Update 8/26/19 5:27pm: A spokesperson for the Department of Corrections and Community Supervision (DOCCS) confirmed to Gothamist that despite the replacement fee, the new state license plates will be produced by incarcerated individuals earning an average of 65 cents an hour. About 2,100 prisoners work for Corcraft (the brand that falls under the Division of Correctional Industries) at the Auburn Correctional Facility, which produces goods including state license plates.
“While there has been a very cute rollout—the license plate survey, and the options that will be available—you look at the fee that’s going to be charged for you to replace your license plate, you’re talking about three days wages for someone who made that license plate,” Senator Zellnor Myrie (D) told Gothamist. “We like to call ourselves the progressive capital of the nation and we are a leader in liberty, but when we have a situation where folks who have been denied their liberty but who are still working are doing so for slave wages, I think that is a conversation that needs to be had.”
Currently, incarcerated individuals in New York earn between 16 cents per hour and $1.14 per hour.
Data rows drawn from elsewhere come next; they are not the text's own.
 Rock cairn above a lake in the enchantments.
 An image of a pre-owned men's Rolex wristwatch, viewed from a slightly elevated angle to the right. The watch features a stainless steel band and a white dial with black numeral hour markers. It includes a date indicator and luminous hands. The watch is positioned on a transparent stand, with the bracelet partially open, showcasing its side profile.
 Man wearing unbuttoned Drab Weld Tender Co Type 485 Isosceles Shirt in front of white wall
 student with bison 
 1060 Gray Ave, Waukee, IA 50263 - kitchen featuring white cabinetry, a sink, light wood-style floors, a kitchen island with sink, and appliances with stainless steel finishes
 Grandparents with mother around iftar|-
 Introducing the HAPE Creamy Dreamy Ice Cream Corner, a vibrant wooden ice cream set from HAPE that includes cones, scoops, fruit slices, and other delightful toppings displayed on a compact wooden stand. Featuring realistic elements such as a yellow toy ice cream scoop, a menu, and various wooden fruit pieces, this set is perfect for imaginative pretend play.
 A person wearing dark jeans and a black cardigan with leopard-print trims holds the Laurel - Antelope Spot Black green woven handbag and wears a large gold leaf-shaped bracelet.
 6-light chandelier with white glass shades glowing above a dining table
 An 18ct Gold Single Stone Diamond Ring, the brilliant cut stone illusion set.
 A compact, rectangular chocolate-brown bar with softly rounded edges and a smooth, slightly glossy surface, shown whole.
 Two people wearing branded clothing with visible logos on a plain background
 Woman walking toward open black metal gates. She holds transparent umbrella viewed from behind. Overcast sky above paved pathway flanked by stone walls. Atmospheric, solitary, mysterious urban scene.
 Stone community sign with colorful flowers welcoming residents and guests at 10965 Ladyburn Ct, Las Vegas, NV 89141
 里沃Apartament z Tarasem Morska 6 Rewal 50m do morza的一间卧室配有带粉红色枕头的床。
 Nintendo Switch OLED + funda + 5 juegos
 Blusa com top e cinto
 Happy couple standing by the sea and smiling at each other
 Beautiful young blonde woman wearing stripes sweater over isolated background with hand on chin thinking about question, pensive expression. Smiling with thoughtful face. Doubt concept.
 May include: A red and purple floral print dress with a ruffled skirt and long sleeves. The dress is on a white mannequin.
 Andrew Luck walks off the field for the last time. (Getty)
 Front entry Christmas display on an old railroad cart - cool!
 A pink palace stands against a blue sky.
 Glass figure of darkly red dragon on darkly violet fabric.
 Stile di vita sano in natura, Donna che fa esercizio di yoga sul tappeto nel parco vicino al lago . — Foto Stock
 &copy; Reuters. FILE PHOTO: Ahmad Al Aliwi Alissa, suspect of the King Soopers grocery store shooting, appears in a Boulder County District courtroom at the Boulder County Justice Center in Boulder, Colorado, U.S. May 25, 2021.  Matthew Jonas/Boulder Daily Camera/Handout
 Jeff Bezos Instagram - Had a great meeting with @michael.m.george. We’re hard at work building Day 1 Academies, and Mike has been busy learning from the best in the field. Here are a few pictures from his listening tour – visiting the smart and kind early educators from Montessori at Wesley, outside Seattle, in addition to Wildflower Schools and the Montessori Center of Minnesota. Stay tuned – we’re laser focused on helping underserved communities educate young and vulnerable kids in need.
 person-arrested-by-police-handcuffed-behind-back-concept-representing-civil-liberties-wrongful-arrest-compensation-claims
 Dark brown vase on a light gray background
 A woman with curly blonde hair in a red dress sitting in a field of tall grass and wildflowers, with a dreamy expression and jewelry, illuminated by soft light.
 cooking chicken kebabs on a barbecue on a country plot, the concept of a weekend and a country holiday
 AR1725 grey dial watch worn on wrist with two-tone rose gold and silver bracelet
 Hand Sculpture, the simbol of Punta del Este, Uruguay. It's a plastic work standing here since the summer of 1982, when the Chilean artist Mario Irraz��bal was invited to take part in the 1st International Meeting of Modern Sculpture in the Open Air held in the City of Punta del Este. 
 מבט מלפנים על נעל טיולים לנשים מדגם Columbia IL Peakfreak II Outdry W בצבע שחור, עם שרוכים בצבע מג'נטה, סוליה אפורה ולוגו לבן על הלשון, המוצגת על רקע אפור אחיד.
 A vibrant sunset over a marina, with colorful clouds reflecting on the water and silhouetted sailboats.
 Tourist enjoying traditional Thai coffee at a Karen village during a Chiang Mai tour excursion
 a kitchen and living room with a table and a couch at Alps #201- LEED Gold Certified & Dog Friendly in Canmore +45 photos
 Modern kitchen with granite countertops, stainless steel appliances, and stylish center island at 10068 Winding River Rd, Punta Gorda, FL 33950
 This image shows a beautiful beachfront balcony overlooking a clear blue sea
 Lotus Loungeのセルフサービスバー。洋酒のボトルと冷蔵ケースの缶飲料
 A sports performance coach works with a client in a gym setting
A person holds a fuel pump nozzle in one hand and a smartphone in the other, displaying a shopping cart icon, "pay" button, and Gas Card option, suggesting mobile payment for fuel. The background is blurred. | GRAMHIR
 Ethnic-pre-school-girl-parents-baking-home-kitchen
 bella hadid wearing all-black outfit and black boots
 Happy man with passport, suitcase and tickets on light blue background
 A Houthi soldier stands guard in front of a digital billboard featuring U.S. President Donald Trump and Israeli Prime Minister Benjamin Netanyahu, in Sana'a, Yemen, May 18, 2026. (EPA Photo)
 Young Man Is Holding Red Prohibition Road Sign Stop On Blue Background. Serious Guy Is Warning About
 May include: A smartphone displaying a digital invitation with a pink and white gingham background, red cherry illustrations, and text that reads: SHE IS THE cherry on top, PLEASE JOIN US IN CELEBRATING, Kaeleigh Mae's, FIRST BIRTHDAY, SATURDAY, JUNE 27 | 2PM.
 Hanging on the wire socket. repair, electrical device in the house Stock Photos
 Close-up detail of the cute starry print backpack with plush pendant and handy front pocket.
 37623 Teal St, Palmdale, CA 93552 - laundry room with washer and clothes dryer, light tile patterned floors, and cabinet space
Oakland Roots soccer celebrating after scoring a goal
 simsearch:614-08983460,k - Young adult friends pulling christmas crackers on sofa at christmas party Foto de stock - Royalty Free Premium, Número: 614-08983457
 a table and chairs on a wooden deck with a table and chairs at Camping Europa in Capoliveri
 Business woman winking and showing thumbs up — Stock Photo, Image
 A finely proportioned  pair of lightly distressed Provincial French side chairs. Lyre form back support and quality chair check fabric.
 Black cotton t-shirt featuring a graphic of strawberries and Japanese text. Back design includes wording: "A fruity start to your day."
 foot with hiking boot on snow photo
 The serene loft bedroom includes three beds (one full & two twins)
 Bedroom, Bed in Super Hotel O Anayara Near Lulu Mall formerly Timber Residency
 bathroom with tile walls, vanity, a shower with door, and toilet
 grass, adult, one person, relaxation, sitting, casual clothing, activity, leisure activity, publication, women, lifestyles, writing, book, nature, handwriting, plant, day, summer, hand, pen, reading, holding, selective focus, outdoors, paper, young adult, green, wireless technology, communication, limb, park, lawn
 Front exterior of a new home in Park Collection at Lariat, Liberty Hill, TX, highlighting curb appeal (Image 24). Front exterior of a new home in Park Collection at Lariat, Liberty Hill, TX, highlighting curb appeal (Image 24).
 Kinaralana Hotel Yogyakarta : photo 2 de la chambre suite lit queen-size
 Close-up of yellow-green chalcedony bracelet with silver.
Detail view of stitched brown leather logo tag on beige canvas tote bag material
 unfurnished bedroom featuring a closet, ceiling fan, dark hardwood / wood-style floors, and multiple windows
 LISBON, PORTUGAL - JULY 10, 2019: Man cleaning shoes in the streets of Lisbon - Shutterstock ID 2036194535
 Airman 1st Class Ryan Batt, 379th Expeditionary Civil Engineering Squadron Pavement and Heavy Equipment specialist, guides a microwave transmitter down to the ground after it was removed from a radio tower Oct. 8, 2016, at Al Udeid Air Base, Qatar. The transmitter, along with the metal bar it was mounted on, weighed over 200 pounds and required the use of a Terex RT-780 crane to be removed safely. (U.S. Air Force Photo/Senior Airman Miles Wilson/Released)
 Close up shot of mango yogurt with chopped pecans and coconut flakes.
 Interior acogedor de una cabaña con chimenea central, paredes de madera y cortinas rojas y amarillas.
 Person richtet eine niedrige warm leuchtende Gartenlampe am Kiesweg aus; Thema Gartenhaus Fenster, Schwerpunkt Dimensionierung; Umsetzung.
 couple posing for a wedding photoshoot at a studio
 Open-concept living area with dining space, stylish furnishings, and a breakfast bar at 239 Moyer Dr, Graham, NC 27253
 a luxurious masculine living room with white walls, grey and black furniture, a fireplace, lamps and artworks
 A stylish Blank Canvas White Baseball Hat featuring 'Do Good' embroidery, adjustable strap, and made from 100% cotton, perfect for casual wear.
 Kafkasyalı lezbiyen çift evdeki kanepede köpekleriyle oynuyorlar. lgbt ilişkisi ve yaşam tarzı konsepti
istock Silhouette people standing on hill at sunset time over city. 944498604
DOCCS says the average Corcraft inmate made 65 cents between the 2015 and 2016 fiscal year (approximately $1,092 annually).
These are all fine. Well, except for the one of the Tappan Zee Bridge. Which is officially called the Mario Cuomo Bridge. Now, I loved Mario. He was a personal hero and an influence on my career (I worked as an intern in his NY press office in college). But his son is not him, getting the bridge named for his dad was scuzzy, and trying to make that bridge the symbol of the state is even more scuzzy. Oh, it’s a nice bridge. But this is all about Andy patting himself on the back.
They all suck. Whats wrong with a plate _without_ a message or advert? There is actually one with a crappy rendering of the self-aggrandizing Papa Cuomo (formerly Tappan Zee) bridge? Give me a freaking break. Bring back the orange and blue… great color, no bullshit.
no one is ever happy; ever.
You are GD right. So be quiet.
No problem Casey!
They asked. I don’t like any of the plates, either.
Maybe instead of complaining about a license plate; y’all should protest and stop driving. I have not had a care since 2008 and I live in the midwest. Next.
Pretty funny … “bored millennial” has “not had a care since 2008.” Is it a typo, or is it not?
Sounds about right. It is having a care that causes all the problems for people. We should know better.
Trolling a troll. Nice. Clearly a typo.
The shape representing the state is odd and unnecessary. It looks like an automatic transmission. And what the heck with the “Excelsior”? I know, but it reminds me of what Bullwinkle the Moose was saying in the cartoon.
JW, please do not cancel me for asking, but is “working” in a prison optional? I am unfamiliar with how this “slave labor” is implemented.